Spending more on pre-K doesn’t guarantee success: Reportby Joan Brasher Oct. 25, 2016, 2:27 PM
America has been too quick to invest in prekindergarten programs without a clear strategy for success, according to a new Vanderbilt University report.
Dale Farran and Mark Lipsey—authors of the landmark Tennessee Voluntary Pre-K Effectiveness Study—found that academic gains achieved by students in Tennessee pre-K classrooms began to fade out by first grade and vanished by third grade.
Inconsistent curriculum implementation and variable teacher quality were cited as likely key contributors, as well as a lack of supports for children—all who come from low-income families—when they reached the second and third grade.
Now the researchers have a new report, published by Behavioral Science & Policy Journal, in which they share similar challenges they observed in other states’ pre-K programs.
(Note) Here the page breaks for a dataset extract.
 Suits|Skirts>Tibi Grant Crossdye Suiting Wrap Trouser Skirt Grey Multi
“The idea that a year of pre-K can close the achievement gap for at-risk children is appealing to policymakers, school administrators, businessmen and law enforcement officials, but this kind of magical thinking doesn’t benefit children,” said Farran, Antonio and Anita Gotto Professor of Teaching and Learning at Vanderbilt’s Peabody College of education and human development.
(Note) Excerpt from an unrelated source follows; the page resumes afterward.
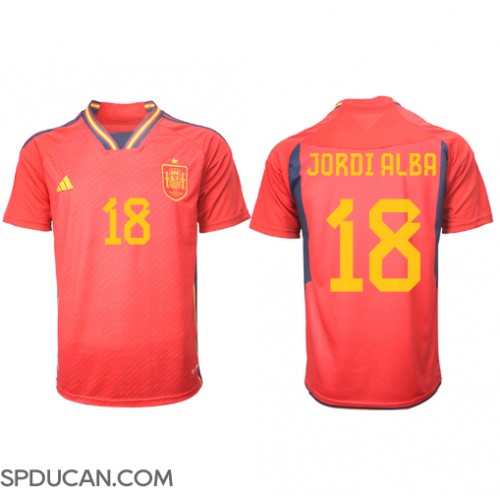 Muški Nogometni Dres Španjolska Jordi Alba #18 Domaci SP 2022 Kratak Rukav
“Expansions are being conducted without much attention to the question of how to design and support those programs so they are effective.”
Many education stakeholders still cite the successful pre-K programs of the 1960s and 1970s—Perry Preschool Project and the Abcedarian Project—as a blanket endorsement of all pre-K programs. However, it should be noted that those “Cadillac programs” were expensive and provided intense interventions that do not compare to current state-funded programs.
Many policymakers also cite positive evaluations of state programs—despite the fact that many were conducted or commissioned by the state departments of education that administer the programs—resulting in weak and misleading research.
“If the (evaluators) adopted a more critical approach, the reports policymakers base their decisions on would be more forthright about the limitations of the studies and less rosy about their conclusions,” said Mark Lipsey, co-lead investigator and research professor at Peabody Research Institute. “They would also acknowledge the considerable difficulty of implementing an effective program at scale and avoid claiming or implying that scale-up had been successfully accomplished.”
That’s not to say the researchers believe pre-K can’t work. Many programs have been found to provide significant positive effects, and the early gains when entering kindergarten are well documented. But to maximize and continue these gains, education stakeholders must be able to identify which features of those programs are responsible for success before scaling up, and provide resources for students beyond kindergarten and the early grades to keep the gains on an upward trajectory, they said.
The Behavioral Science & Policy Association (BSPA), publisher of Behavioral Science & Policy, is a nonprofit organization launched in 2012 to facilitate the application of rigorous behavioral science research to enhance real-world policy solutions.